Supporting parents through a sustainable, better targeted family payments system

The 2014-15 Budget delivers $19.3 billion to support families with their cost of living through Family Tax Benefit Payments. The Abbott Government will also ensure the family payments system is sustainable in the long term and is better targeted to support those who need it most.

$28.6 billion will also be provided to maintain the current payments and eligibility for the Child Care Rebate (CCR) and Child Care Benefit (CCB).

The Abbott Government will introduce Australia’s first genuine Paid Parental Leave scheme. The commitments we made at the election were fully funded, ensuring no additional pressure on the Budget.

The most immediate way we can help families is by scrapping the carbon tax which will unburden the economy and which next year alone will save households around $550 on average.

The Abbott Government is making decisions that repair the Budget, strengthen the economy and prepare Australia for the long term challenges before us.

New supplement for single parents

From 1 July 2015, single parents who receive the maximum rate of Family Tax Benefit (FTB) Part A but are no longer receiving FTB Part B as a result of changes to eligibility will have access to a new $750 annual supplement for each child aged six to 12 years.

We know that single parent families often have fewer resources to meet living costs, and have a reduced capacity to work because of their caring responsibilities, so the new $750 supplement per child aged between six and 12 years will provide extra support.

This will benefit an estimated 86,000 families by 2017–18.

Family Tax Benefit Part B for children under six years

To meet our nation’s long term challenges, we need to encourage parents to re-enter the workforce when a child reaches school age.

From 1 July 2015, families eligible for FTB Part B will only receive the payment while their youngest child is aged under six years.

Importantly, families with a youngest child aged six years and over on 1 July 2015 that are already receiving FTB Part B will continue to receive FTB Part B until 30 June 2017.

Family Tax Benefit Part B primary earner income limit

From 1 July 2015, the primary earner income limit for families to become eligible for FTB Part B will be reduced from $150,000 to $100,000 per year.

This will ensure families on low incomes continue to be supported and taxpayer support is targeted to those who need it most.

Family Tax Benefit end-of-year supplements

From 1 July 2015, FTB Part A and FTB Part B end-of-year supplements will be returned to their original amounts of $600 and $300, and will remain at that amount without further indexation.

These payments were introduced to help minimise the impact of families being overpaid as a result of underestimating their income, but with fewer families now being overpaid, the need has lessened.
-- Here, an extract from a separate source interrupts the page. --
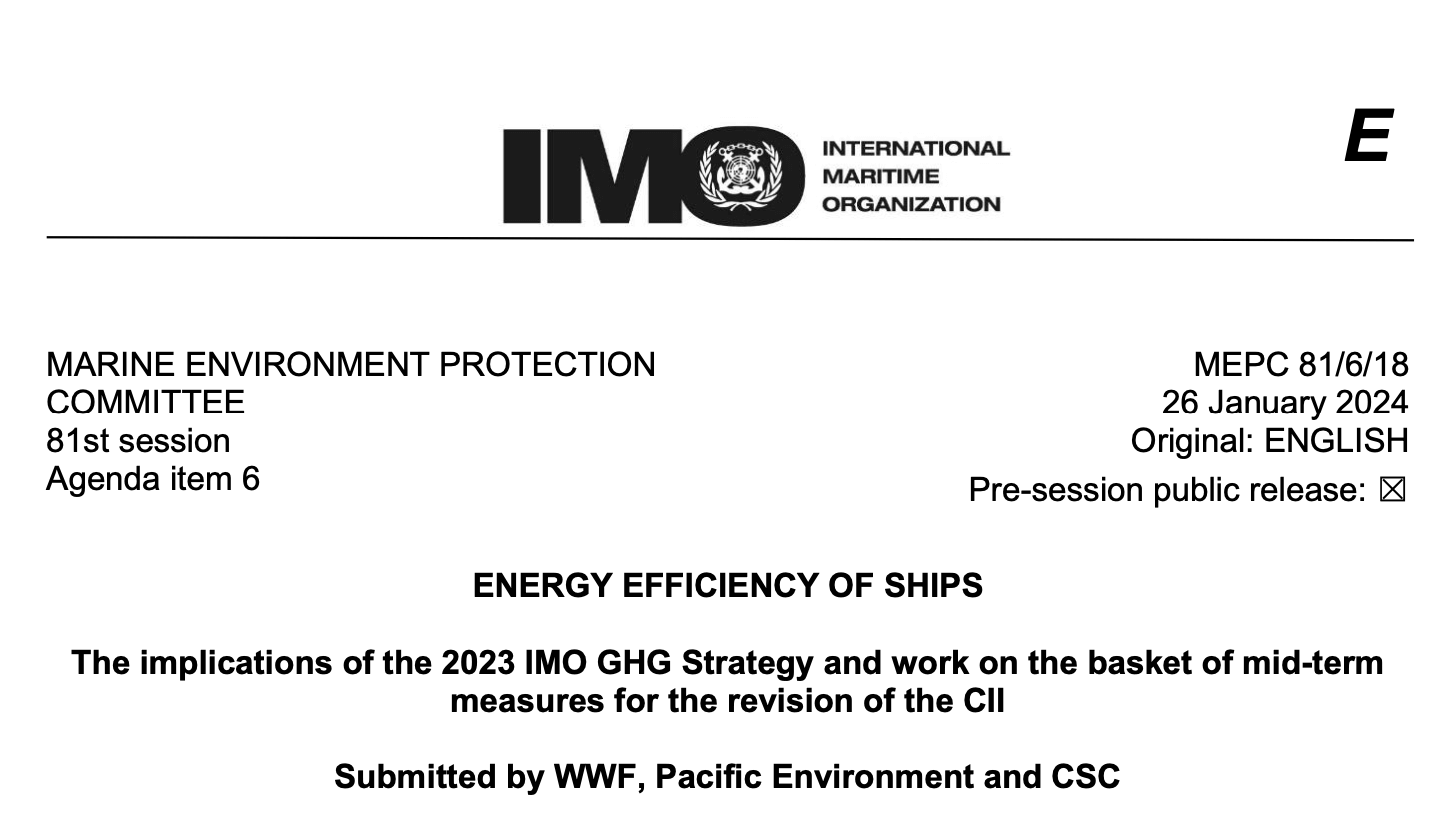 MEPC 81/6/18: Energy Efficiency of Ships: The implications of the 2023 IMO GHG Strategy and work on the basket of mid-term measures for the revision of the CII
This measure will not reduce the fortnightly assistance that families receive throughout the year.

Large Family Supplement

From 1 July 2015, families will receive the Large Family Supplement for their fourth and subsequent children.

This initiative will ensure very large families have extra support to meet their cost of living and taxpayer support is targeted to those who need it most.

Indexation of Family Tax Benefit eligibility thresholds

From 1 July 2014, an indexation pause will mean income thresholds will remain unchanged for three years for the FTB Part A lower income free area, FTB Part A maintenance income free area, and FTB B secondary earner income free area.

This measure will deliver savings so that the Government can repair the Budget and strengthen Australia’s future.

Indexation of the rates of Family Tax Benefit Part A and Part B

From 1 July 2014, an indexation pause will mean the maximum and base rate of FTB Part A and the rate of FTB Part B will remain unchanged for two years.

This measure will not reduce the amounts of FTB that families already receive.

Family Tax Benefit Part A higher-income free area per child add-on

From 1 July 2015, the FTB Part A per child add-on amount used to calculate a family’s higher income free area will no longer apply.

This means that the higher income area of $94,316 will remain, without the add-on of $3,796 for each FTB child after the first.

The changes to Family Tax Benefit eligibility will help repair the Budget, ensure taxpayer funds are targeted to those most in need and encourage parents to re-enter the workforce when they are able to do so.

Child care

The Abbott Government is honouring its election commitments to make child care more affordable, flexible and accessible for Australia’s working families.

The 2014-15 Budget delivers $28.6 billion to support parents to access child care.

The Government will maintain the current payments and eligibility for the Child Care Rebate (CCR) and Child Care Benefit (CCB). The existing pause for the indexation of the maximum amount of the Child Care Rebate will remain in place.

The Government is also delivering on its election commitment to restore $12.6 million in Occasional Care funding.

Delivering genuine Paid Parental Leave

From 1 July 2015 the Abbott Government will deliver Australia’s first genuine Paid Parental Leave scheme which will provide six months paid leave and will include superannuation. This will support women to remain engaged with their employers, and help boost their retirement income.

The 2014-15 Budget is part of the Government’s Economic Action Strategy to build a strong, prosperous economy and a safe, secure Australia.

The Government is repairing the Budget so that we can build a stronger economy to generate more jobs and deliver better services.